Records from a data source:
Content starts

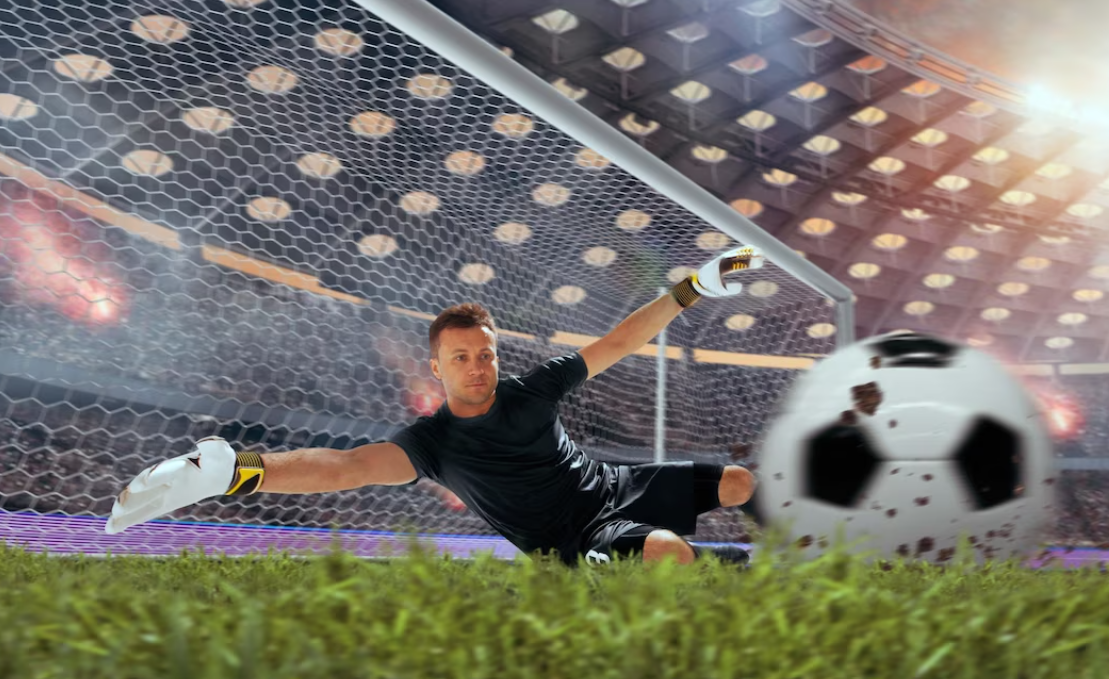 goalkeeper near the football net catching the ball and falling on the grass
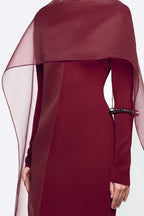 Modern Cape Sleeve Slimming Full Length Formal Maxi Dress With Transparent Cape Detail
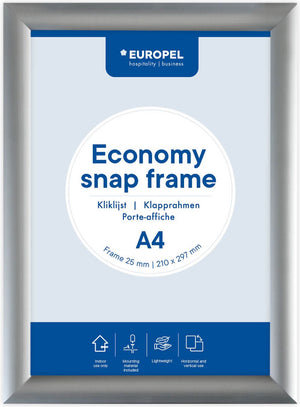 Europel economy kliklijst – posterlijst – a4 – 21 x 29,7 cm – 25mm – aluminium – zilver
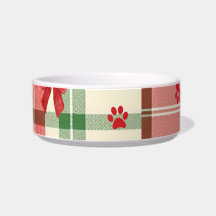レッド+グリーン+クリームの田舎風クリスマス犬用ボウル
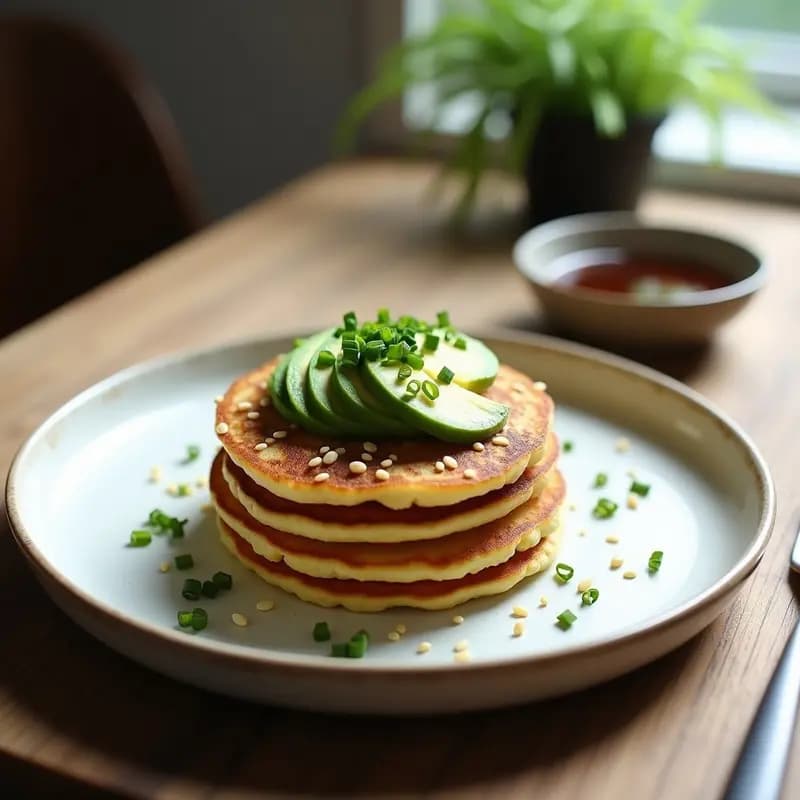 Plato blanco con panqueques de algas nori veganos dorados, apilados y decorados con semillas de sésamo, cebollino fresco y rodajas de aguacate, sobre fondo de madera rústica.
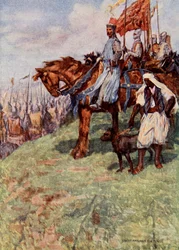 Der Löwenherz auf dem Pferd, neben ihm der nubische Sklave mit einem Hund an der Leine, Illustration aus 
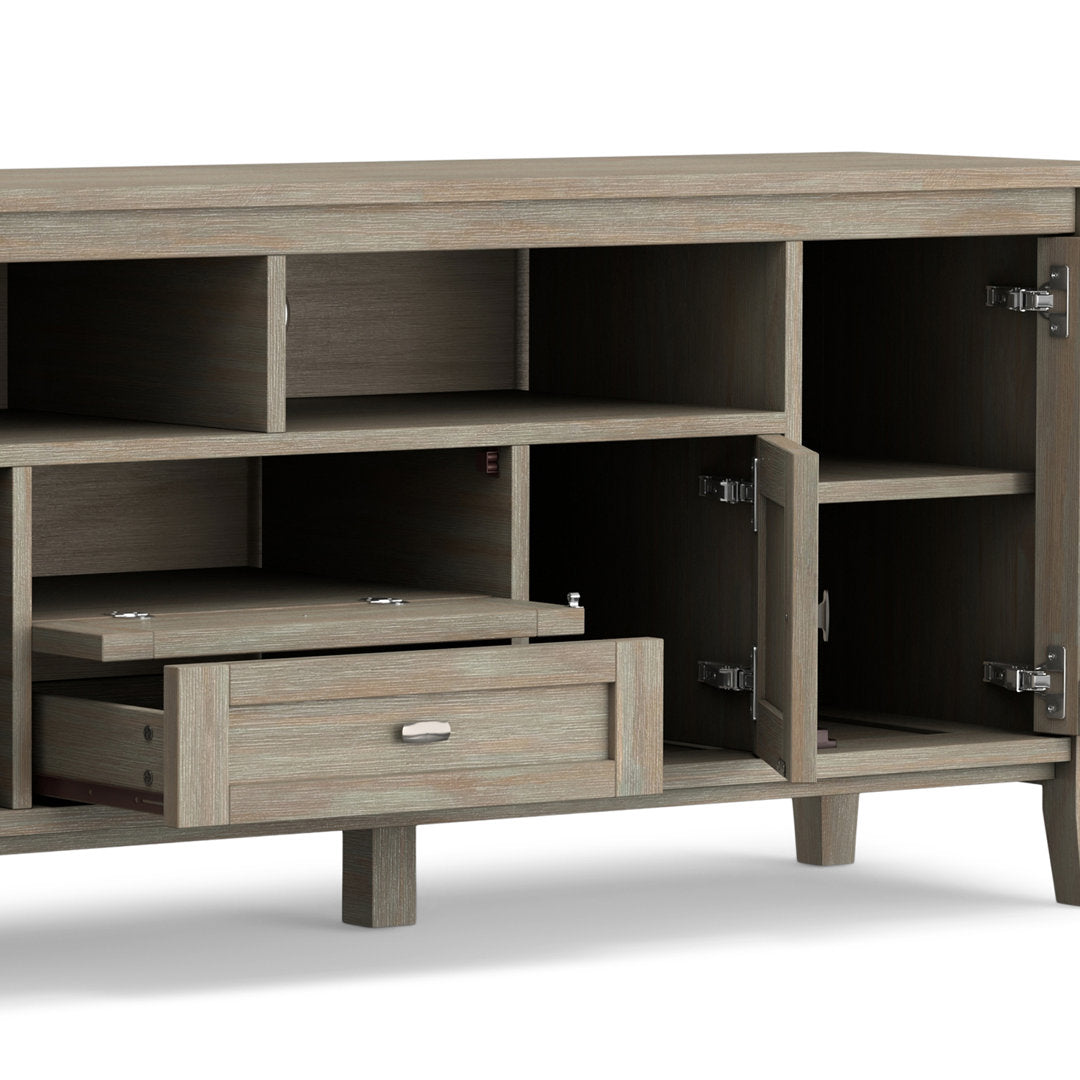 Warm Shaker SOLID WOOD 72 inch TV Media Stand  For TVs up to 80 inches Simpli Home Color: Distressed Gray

Content ends

#### What you have to do
Reproduce word for word the lines from the line with "Plato blanco con" to the end of the entries above, both included, but leave the pictures out.

#### Exercise response
 Plato blanco con panqueques de algas nori veganos dorados, apilados y decorados con semillas de sésamo, cebollino fresco y rodajas de aguacate, sobre fondo de madera rústica.
 Der Löwenherz auf dem Pferd, neben ihm der nubische Sklave mit einem Hund an der Leine, Illustration aus 
 Warm Shaker SOLID WOOD 72 inch TV Media Stand  For TVs up to 80 inches Simpli Home Color: Distressed Gray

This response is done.